In a startup, the teams are confronted with specific challenges that need to be solved. These tasks must be shared among the team members, not only depending on the abilities of the individual, but also taking into account the specific needs of the company.

Founders have to learn to divide the areas of responsibility sensibly, even if all team members are often involved in all decisions in a startup, not everyone can answer for everything. Therefore, the team members of a start-up are usually assigned a special area, which is their responsibility. The earlier these areas are defined, the less likely are later disputes within the team. The same applies to the objectives of an innovation project. All members of the team must understand what is at stake and what is to be achieved at the end of a certain period (e.g. at the end of a project or fiscal year). Only when everyone has understood the goal can they pull together to achieve it.

This is also the advantage of a start-up team, because unlike the Group, they can put together smaller teams that complement each other better. Missing consequences can be compensated more quickly by finding someone who is particularly talented in a particular field or by different teams working together across departments. However, the challenge for the founders is to recognize this optimization at an early stage. Since many young entrepreneurs have only a lack of experience in teambuilding, they often need too long to identify and close possible gaps in their own team. But if they keep a close eye on the structures, they are more flexible and efficient than many larger companies.

However, since many founders cannot have an overview of all processes, the open word is often the law in a startup.

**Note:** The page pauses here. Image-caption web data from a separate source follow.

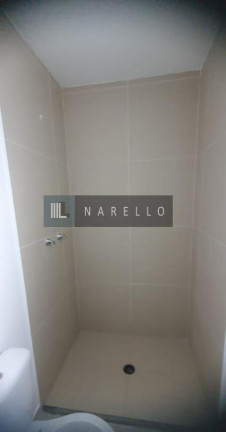 Imagem Apartamento com 2 Quartos à Venda, 55 m² em Rudge Ramos - São Bernardo Do Campo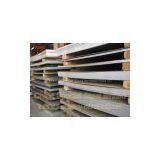 Hastelloy G-3 Machinability thumbnail-3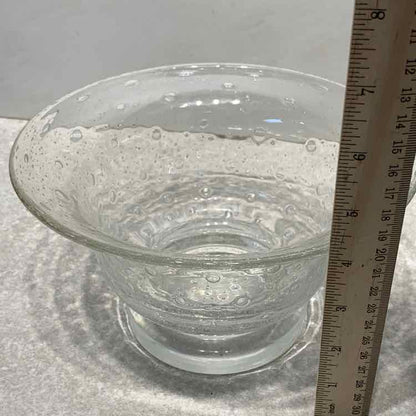 Decorative Bowl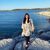 Fabliha Hassan's profile image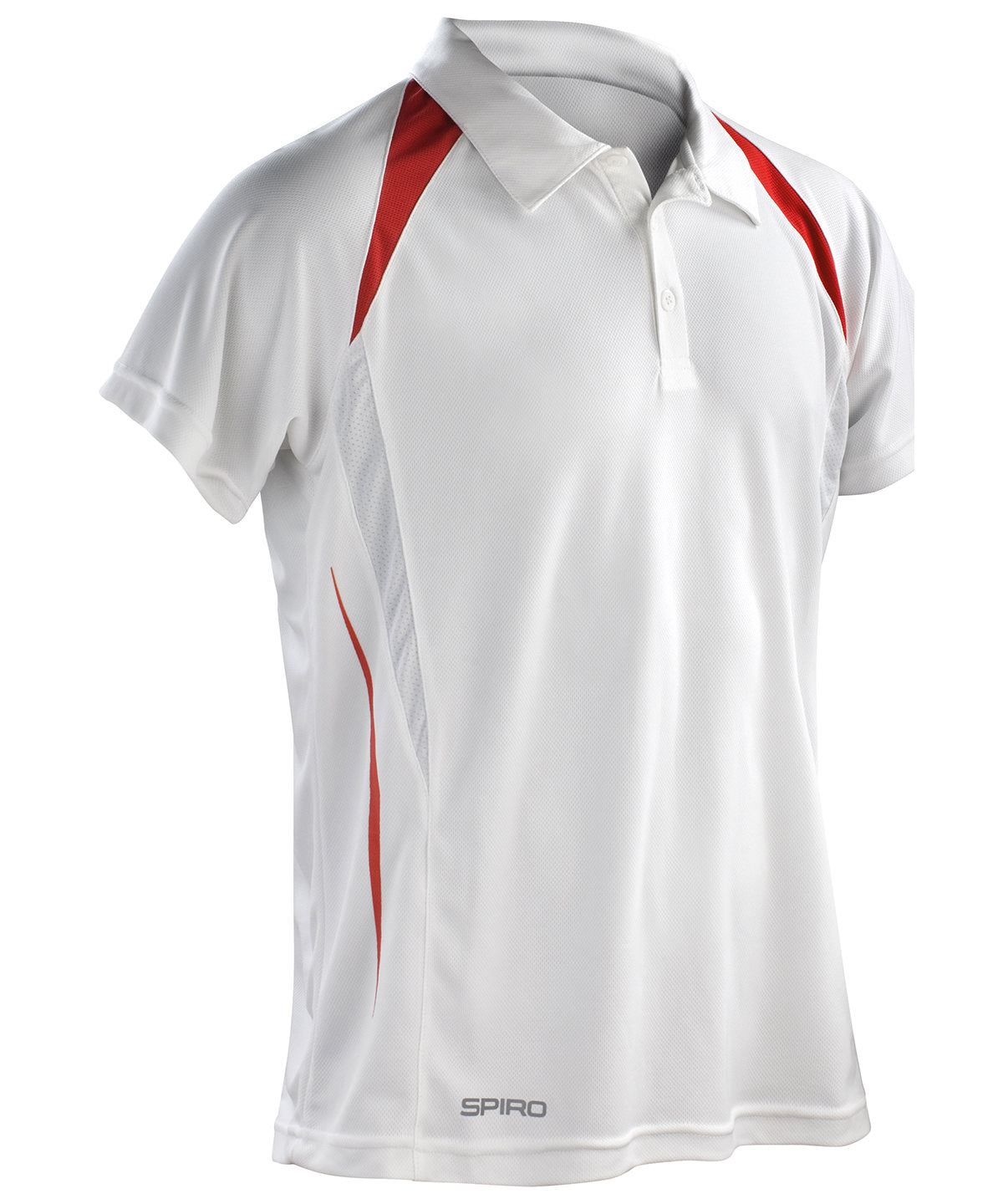 Deeside Ramblers U 16 Boys Final Match Shirt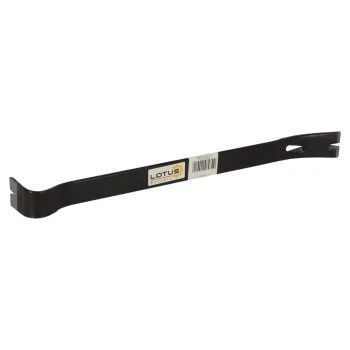 Clearance Lotus Breekijzer Plat 53cm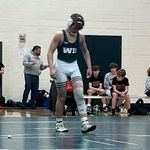Mason Chambers - @masonchambers0 - Instagram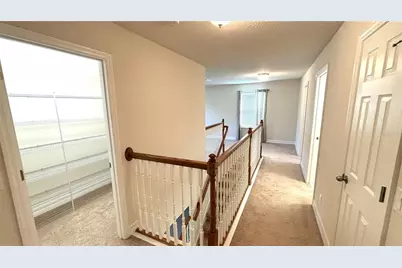 5217 Dove Tree Street, Orlando, FL 32811 - Photo 17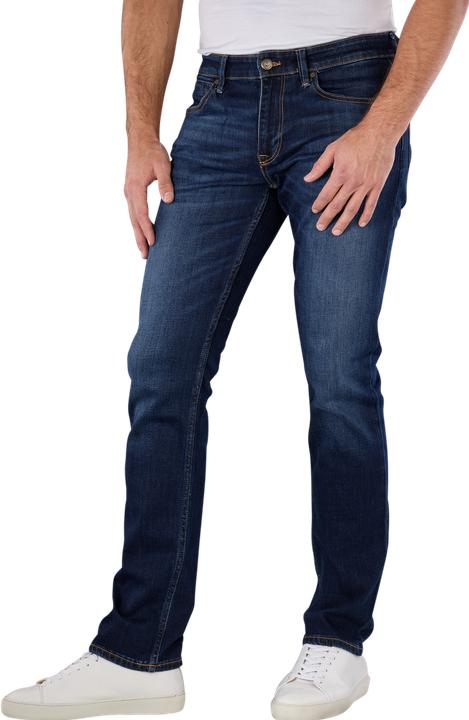 Actual product image Cross Jeans 10021061 (W31/L30)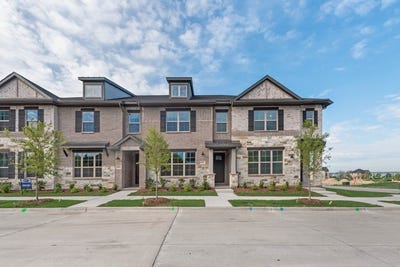 /international/us/8322-bayside-drive-rowlett-tx-110105245769/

If the goal is deviated from or responsibilities are shifted, this must be communicated at an early stage. This allows decisions to be made more quickly and conflicts to be avoided.


It can therefore be said that a good innovation team in start-ups is optimally controlled. They have fixed responsibilities and complement each other perfectly. Each roll is predefined, each gap is closed as quickly as possible.

Alexander Pinker
Alexander Pinkerhttps://www.medialist.info
Alexander Pinker is an innovation profiler, future strategist and media expert who helps companies understand the opportunities behind technologies such as artificial intelligence for the next five to ten years. He is the founder of the consulting firm "Alexander Pinker - Innovation Profiling", the innovation marketing agency "innovate! communication" and the news platform "Medialist Innovation". He is also the author of three books and a lecturer at the Technical University of Würzburg-Schweinfurt.